古稀を過ぎた老人が、これまでに綴った拙い文章の数々です。お読み捨てください。

抜歯

 自宅近くのデンタルクリニックで左下奥歯を抜いた。血液サラサラの薬を飲んでいるので、医師は極めて慎重である。「今日の気分はどうですか。血圧は高くありませんか?」「気分は普通です。血圧は120程度です」「では左下の奥の歯を抜きましょう」。抜かなければ、今後も虫歯が悪化してさらに症状が重くなるということである。その後の処置はインプラントにするか、入れ歯にするか。インプラントは保険が効かないので高額になるが、今まで通り「違和感なく」噛めるようになる。入れ歯は安いが、手入れも必要だし「噛み具合」もインプラントほどではない、まだ処置まで時間がかかるので検討しておくように、という説明を受けた。

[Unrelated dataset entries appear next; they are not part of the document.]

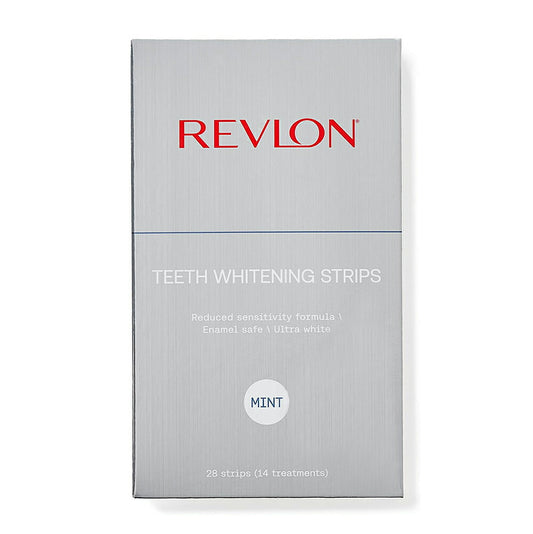 【追跡可能海外メール便】 REVLON Mint Flavored Teeth Whitening Strips 14 Treatments レブロン ホワイトニングストリップス 28枚 14回分  ホワイトニングケア  ホワイトニング  白い歯  清潔な歯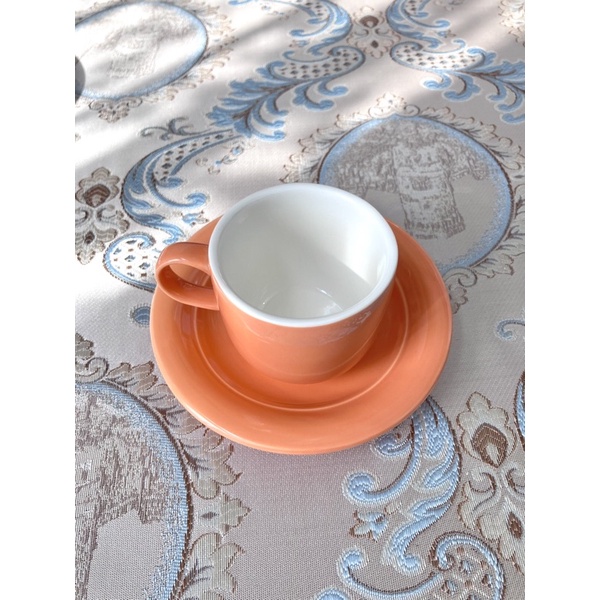 YETEM 陶瓷 咖啡杯組 咖啡杯 小盤子 橘色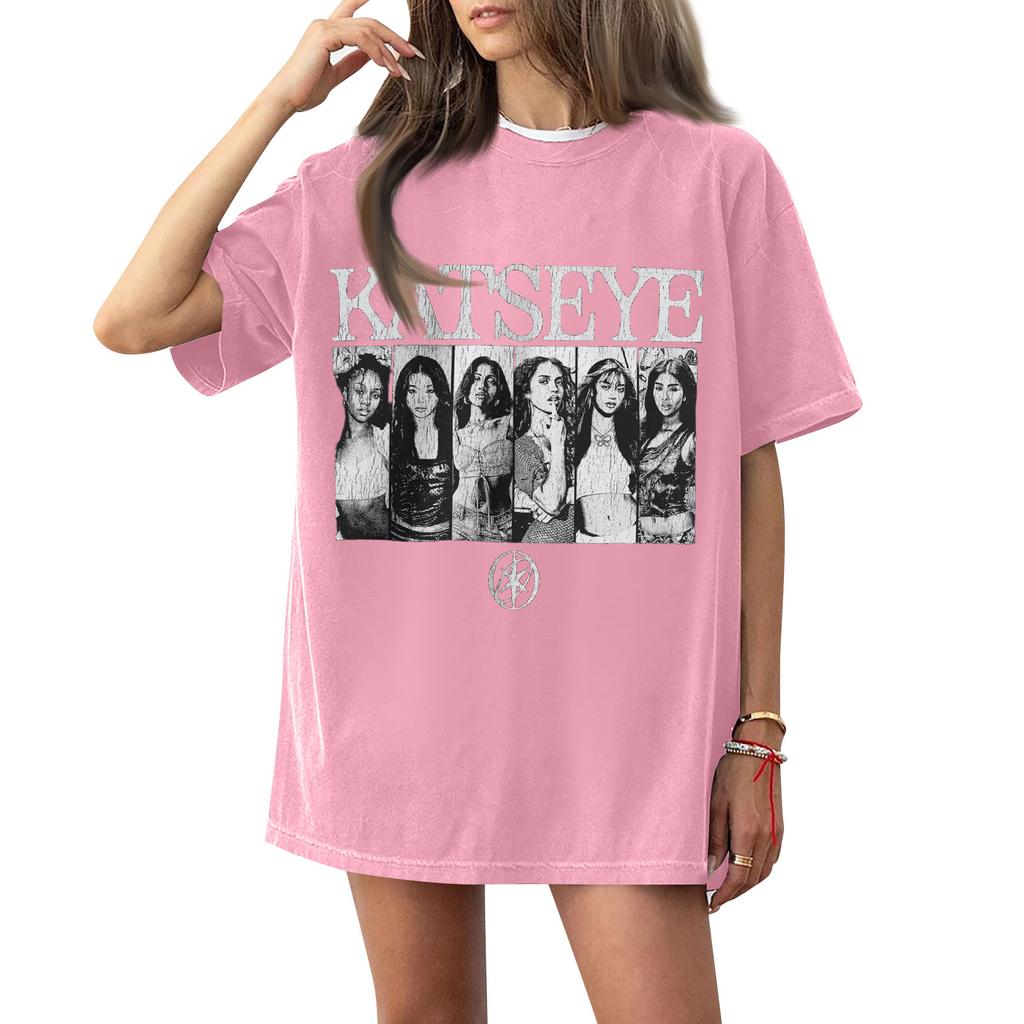 Women's Round Neck Printed Short-sleeved T-shirt Top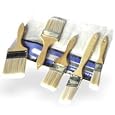 Neiko 00308 Brush Paint Stain Varnish Set with Wood Handles, 5-Piece
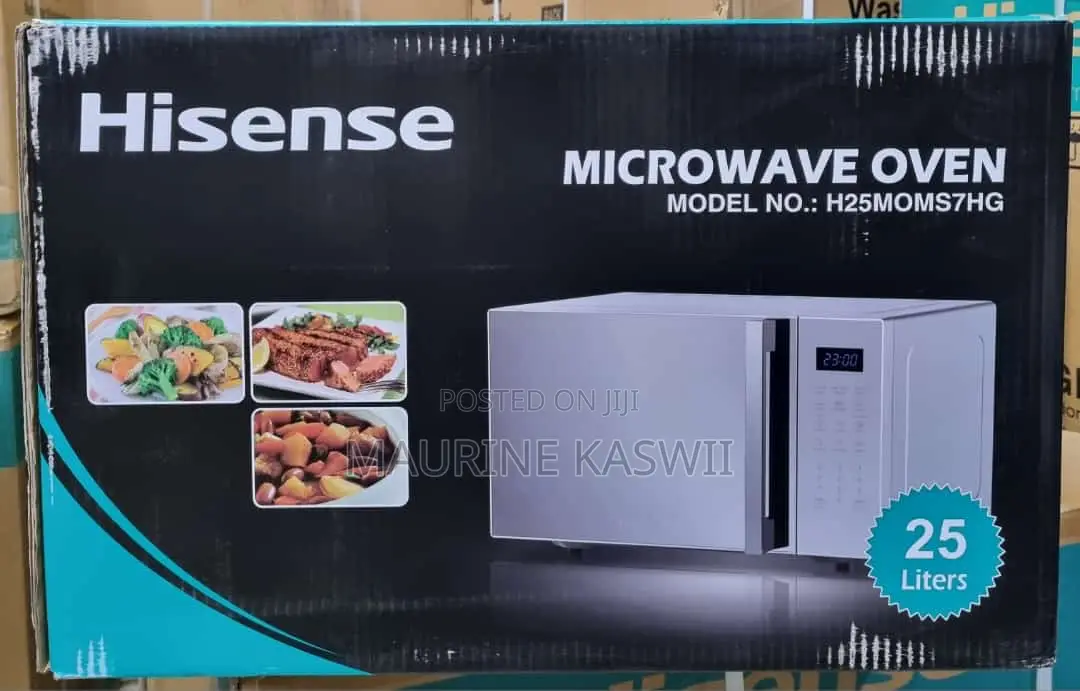 Hisense Microwave Oven 25l-Silver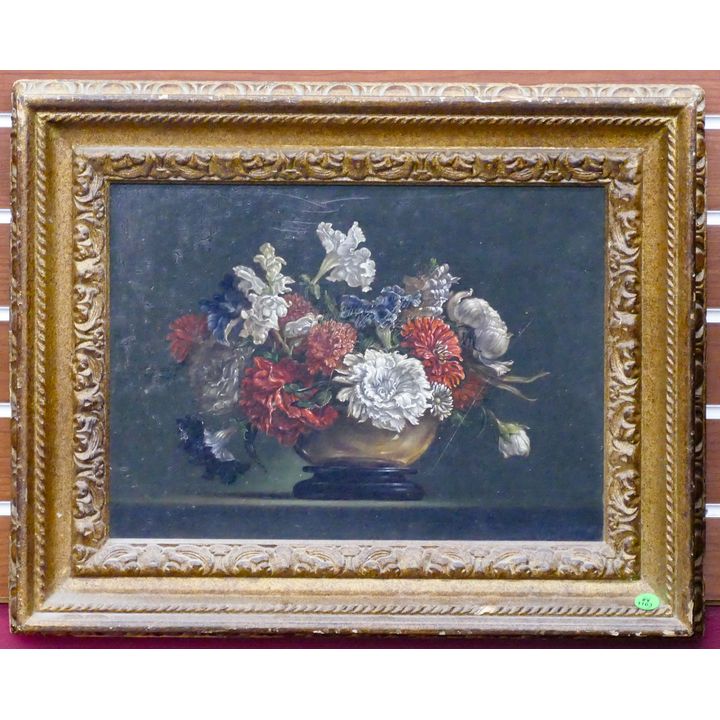Robert White (1921-2008 Pennsylvania) ''Floral Still Life'' Oil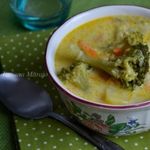 Сливочный суп с капустой брокколи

 抜歯(外科処置)は、麻酔注射の後、15分ほどで終了したが、「相当に」痛かった。「痛いときには左手を挙げてください」と言われたので、2回ほど手を挙げた。でも「我慢できないほど」ではなかったので、もう手を挙げるのは止めた。歯が無事抜けた時、その跡を縫合している時も「相当に」痛かった。「お疲れさまでした。終わりです。口をゆすいでください」と言われるところだが、今回は違っていた。「終わりました。口はゆすがないでください」と言って、抜いた歯を見せてくれる。なるほど「根っこ」は残っているが、「上の部分」はほとんどなく、側面は蝕まれていた。「血液サラサラの薬を飲んでいるので、血が止まらないようでしたら、ガーゼを10分程度噛み続けてください。激しい運動は控えて、長風呂や、飲酒喫煙は避けてください。痛み止めを出しますので、麻酔が切れる前に飲んでください。歯みがきはブラシだけでやってください。うがいはしないように」など、いつになくきめ細かな説明があった。そして「明日も消毒に来てください」ということで診療は終わった。
 帰宅後、まもなく出血は止まり、痛みが増すことはなかったので、「ひとまず安堵」という状態である。抗生物質を服用する必要がある明日一日まで自重しよう。